*** Supplied data ***

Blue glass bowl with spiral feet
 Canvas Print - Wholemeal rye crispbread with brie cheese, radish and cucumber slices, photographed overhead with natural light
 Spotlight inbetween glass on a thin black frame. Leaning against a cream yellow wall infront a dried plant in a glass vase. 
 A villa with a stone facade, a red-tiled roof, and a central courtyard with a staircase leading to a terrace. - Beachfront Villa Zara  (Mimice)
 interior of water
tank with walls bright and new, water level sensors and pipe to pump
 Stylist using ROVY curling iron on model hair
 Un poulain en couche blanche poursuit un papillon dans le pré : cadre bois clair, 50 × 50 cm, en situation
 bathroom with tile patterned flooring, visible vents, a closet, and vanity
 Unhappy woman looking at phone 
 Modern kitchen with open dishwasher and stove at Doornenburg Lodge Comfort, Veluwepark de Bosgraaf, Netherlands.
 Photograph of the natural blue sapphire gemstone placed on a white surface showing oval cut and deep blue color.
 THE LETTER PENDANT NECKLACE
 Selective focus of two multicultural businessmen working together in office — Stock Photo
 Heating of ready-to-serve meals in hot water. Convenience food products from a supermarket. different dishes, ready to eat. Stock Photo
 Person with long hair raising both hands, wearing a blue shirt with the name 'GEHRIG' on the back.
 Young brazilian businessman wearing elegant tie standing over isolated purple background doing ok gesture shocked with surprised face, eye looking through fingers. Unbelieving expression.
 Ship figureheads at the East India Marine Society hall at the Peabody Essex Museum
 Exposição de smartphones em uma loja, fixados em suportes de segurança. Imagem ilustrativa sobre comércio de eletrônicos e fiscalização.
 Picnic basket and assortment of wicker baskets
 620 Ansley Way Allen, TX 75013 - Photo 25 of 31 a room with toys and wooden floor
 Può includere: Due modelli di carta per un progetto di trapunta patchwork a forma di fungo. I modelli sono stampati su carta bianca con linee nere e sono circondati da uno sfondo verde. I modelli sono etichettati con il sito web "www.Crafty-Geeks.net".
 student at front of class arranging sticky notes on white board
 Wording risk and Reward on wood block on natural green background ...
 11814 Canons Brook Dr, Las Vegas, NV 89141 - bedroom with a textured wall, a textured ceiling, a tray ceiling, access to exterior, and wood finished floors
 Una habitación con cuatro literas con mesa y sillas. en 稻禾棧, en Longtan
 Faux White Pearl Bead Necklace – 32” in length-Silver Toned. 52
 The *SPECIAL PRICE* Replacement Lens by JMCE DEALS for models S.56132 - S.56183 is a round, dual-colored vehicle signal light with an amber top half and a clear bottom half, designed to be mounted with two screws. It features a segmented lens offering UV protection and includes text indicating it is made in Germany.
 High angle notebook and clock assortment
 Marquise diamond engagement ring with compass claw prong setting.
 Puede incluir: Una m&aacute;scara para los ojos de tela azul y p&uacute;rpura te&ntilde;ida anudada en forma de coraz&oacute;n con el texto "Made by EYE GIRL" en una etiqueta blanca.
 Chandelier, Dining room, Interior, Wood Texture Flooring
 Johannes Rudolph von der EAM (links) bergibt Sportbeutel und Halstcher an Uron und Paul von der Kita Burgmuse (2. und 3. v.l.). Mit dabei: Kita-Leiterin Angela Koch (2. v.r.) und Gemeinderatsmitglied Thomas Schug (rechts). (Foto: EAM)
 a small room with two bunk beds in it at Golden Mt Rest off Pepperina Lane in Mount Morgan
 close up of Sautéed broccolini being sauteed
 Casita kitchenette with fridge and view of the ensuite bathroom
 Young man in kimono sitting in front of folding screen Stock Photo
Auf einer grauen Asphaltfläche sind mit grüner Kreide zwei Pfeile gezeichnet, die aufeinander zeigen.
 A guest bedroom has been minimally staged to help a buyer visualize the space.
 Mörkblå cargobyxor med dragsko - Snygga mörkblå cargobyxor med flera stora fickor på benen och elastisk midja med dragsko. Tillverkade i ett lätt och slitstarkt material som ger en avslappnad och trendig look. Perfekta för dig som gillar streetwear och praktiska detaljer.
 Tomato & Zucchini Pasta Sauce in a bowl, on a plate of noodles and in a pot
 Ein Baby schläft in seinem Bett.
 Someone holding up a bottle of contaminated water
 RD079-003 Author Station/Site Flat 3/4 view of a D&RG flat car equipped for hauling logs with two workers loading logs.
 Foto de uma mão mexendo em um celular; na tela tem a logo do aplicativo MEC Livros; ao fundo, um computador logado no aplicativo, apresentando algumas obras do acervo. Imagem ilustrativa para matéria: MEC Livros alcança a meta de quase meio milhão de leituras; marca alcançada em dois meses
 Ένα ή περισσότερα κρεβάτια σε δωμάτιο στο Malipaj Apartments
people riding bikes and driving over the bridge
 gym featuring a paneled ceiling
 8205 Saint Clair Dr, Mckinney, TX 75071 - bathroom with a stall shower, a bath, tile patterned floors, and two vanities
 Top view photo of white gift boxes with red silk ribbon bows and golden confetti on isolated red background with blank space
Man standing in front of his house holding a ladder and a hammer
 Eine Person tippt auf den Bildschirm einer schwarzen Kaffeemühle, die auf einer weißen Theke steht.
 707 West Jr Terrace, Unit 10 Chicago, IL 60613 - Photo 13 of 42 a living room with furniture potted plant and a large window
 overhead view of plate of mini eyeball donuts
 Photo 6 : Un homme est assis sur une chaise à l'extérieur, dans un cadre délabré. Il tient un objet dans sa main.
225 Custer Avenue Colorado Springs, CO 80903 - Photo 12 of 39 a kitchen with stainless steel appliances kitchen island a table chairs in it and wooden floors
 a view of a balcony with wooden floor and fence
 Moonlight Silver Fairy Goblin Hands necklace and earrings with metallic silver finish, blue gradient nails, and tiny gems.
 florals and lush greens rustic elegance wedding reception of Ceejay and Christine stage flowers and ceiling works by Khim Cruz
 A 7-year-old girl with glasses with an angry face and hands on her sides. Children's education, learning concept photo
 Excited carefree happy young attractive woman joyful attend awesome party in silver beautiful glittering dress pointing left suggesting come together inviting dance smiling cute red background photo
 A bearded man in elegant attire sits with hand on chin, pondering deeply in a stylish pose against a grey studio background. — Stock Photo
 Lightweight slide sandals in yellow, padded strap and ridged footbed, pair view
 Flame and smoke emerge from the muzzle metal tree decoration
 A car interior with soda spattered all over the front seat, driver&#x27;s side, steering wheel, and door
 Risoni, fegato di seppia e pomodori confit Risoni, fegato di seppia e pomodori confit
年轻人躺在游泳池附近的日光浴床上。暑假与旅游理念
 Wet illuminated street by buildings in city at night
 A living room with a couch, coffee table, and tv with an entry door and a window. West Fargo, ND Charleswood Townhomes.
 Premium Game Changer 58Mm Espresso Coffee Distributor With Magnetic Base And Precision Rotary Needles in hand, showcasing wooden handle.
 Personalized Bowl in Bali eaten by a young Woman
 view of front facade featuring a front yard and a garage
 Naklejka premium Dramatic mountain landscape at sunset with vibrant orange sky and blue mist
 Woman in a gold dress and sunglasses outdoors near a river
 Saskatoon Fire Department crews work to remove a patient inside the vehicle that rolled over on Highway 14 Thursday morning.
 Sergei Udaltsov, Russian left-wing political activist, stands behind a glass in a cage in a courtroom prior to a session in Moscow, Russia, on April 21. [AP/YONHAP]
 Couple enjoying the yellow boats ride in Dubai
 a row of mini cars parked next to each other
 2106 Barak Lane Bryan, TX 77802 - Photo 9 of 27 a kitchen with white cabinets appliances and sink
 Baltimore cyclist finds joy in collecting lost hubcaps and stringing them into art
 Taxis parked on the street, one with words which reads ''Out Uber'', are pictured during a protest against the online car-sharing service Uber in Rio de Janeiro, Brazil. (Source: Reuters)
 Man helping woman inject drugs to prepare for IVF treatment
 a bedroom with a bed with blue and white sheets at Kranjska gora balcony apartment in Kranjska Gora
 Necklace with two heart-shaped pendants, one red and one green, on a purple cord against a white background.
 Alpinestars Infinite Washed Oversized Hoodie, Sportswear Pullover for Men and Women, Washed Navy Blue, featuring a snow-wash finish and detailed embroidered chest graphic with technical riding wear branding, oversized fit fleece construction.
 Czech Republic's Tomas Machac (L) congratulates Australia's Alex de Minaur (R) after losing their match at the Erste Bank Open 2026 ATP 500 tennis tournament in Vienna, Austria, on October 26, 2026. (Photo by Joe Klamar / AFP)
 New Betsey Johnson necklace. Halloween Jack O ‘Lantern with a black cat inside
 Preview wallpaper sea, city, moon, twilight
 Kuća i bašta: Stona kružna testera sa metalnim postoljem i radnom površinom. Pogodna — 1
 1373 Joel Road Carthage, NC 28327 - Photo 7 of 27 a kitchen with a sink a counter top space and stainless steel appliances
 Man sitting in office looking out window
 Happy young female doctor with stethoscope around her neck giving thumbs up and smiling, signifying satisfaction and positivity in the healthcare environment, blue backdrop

*** End of Supplied data ***

## Work required
Repeat exactly the lines of the data from the first one through the line with "Person with long", both of them included.

## Expected output
Blue glass bowl with spiral feet
 Canvas Print - Wholemeal rye crispbread with brie cheese, radish and cucumber slices, photographed overhead with natural light
 Spotlight inbetween glass on a thin black frame. Leaning against a cream yellow wall infront a dried plant in a glass vase. 
 A villa with a stone facade, a red-tiled roof, and a central courtyard with a staircase leading to a terrace. - Beachfront Villa Zara  (Mimice)
 interior of water
tank with walls bright and new, water level sensors and pipe to pump
 Stylist using ROVY curling iron on model hair
 Un poulain en couche blanche poursuit un papillon dans le pré : cadre bois clair, 50 × 50 cm, en situation
 bathroom with tile patterned flooring, visible vents, a closet, and vanity
 Unhappy woman looking at phone 
 Modern kitchen with open dishwasher and stove at Doornenburg Lodge Comfort, Veluwepark de Bosgraaf, Netherlands.
 Photograph of the natural blue sapphire gemstone placed on a white surface showing oval cut and deep blue color.
 THE LETTER PENDANT NECKLACE
 Selective focus of two multicultural businessmen working together in office — Stock Photo
 Heating of ready-to-serve meals in hot water. Convenience food products from a supermarket. different dishes, ready to eat. Stock Photo
 Person with long hair raising both hands, wearing a blue shirt with the name 'GEHRIG' on the back.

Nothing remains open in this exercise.